As usual, I am interested in InnoDB-related bugs:
  • Bug #91861 - "The buf_LRU_free_page function may leak some memory in a particular scenario". This is a very interesting bug report about the memory leak that happens when tables are compressed. It shows how to use memory instrumentation in performance_schema to pinpoint the leak. This bug report is still "Open".
  • Bug #91630 - "stack-use-after-scope in innobase_convert_identifier() detected by ASan". Yura Sorokin from Percona had not only reported this problem, but also contributed a patch.
  • Bug #91120 - "MySQL8.0.11: ibdata1 file size can't be more than 4G". Why nobody tries to do anything about this "Verified" bug reported 2 months ago?
  • Bug #91048 - "ut_basename_noext now dead code". This was reported by Laurynas Biveinis.
Replication problems are also important to know about:
  • Bug #91744 - "START SLAVE UNTIL going further than it should." This scary bug in cyclic replication setup was reported by  Jean-François Gagné 2 weeks ago and is still "Open" at the moment.
  • Bug #91633 - "Replication failure (errno 1399) on update in XA tx after deadlock". On top of all other problems with XA transactions we have in MySQL, it seems that replication may break upon executing a row update immediately after a forced transaction rollback due to a deadlock being detected while in an XA transaction.
Some optimizer bugs also caught my attention:
  • Bug #91486 - "Wrong column type , view , binary". We have a "Verified" regression bug here without a "regression" tag or exact versions checked.
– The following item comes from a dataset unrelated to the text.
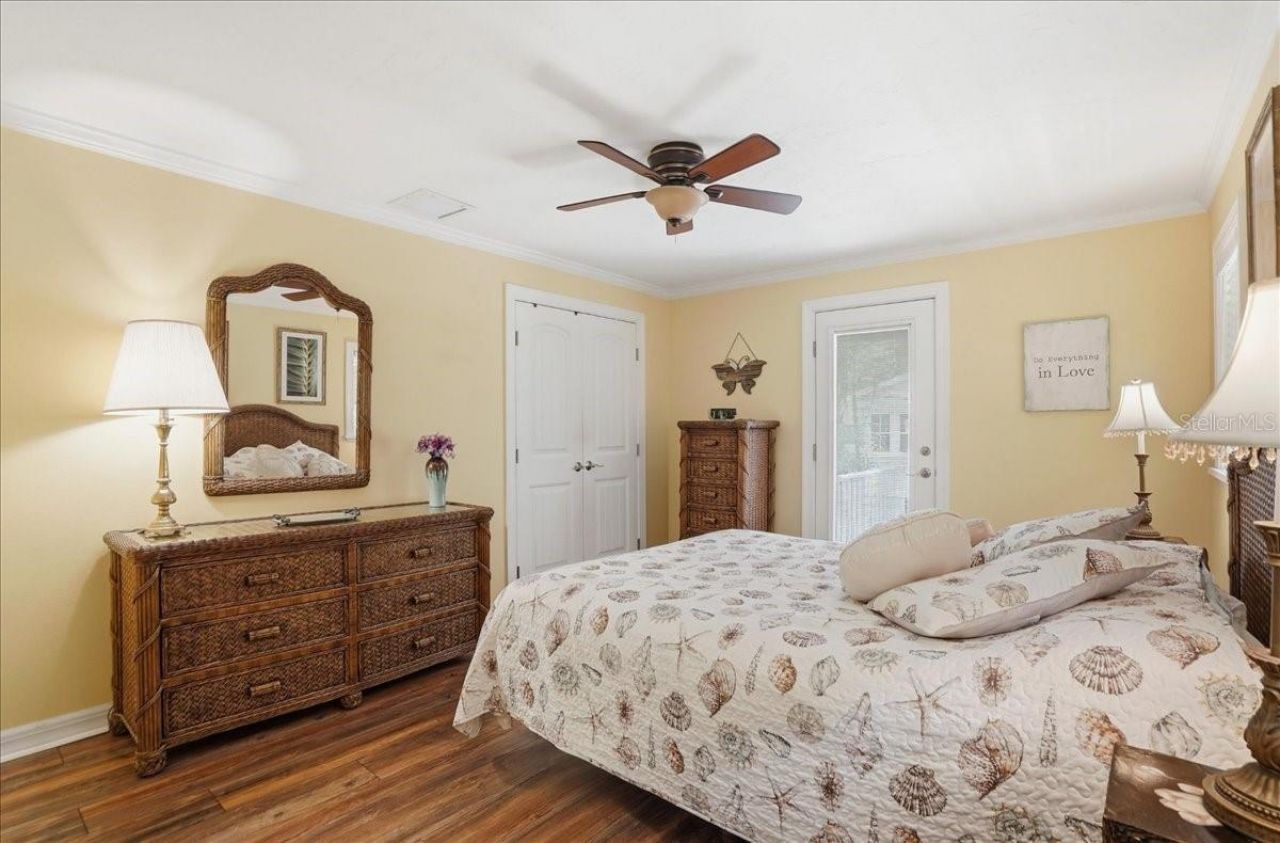 2811 Gulf Drive, Holmes Beach, FL 34217 Photo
Well done, Sinisa Milivojevic!
  • Bug #91386 - "Index for group-by is not used with primary key for SELECT COUNT(DISTINCT a)". Yet another case where a well known bug reporter, Monty Solomon, had  to apply enormous efforts to get it "Verified" as a feature request.
  • Bug #91139 - "use index dives less often". A "Verified" feature request from Mark Callaghan.
The last but not the least, documentation bugs. We have one today (assuming I do not care that much about group replication):
  • Bug #91074 - "INSTANT add column undocumented". It was reported by my former colleague in Percona, Jaime Crespo. The bug is still "Verified" as of now, but since MySQL 8.0.12 release I think it's no longer valid. I see a lot of related details here, for example. But nobody cares to close this bug properly and provide the links to manual that were previously missing.
That's all for today, folks! Stay tuned.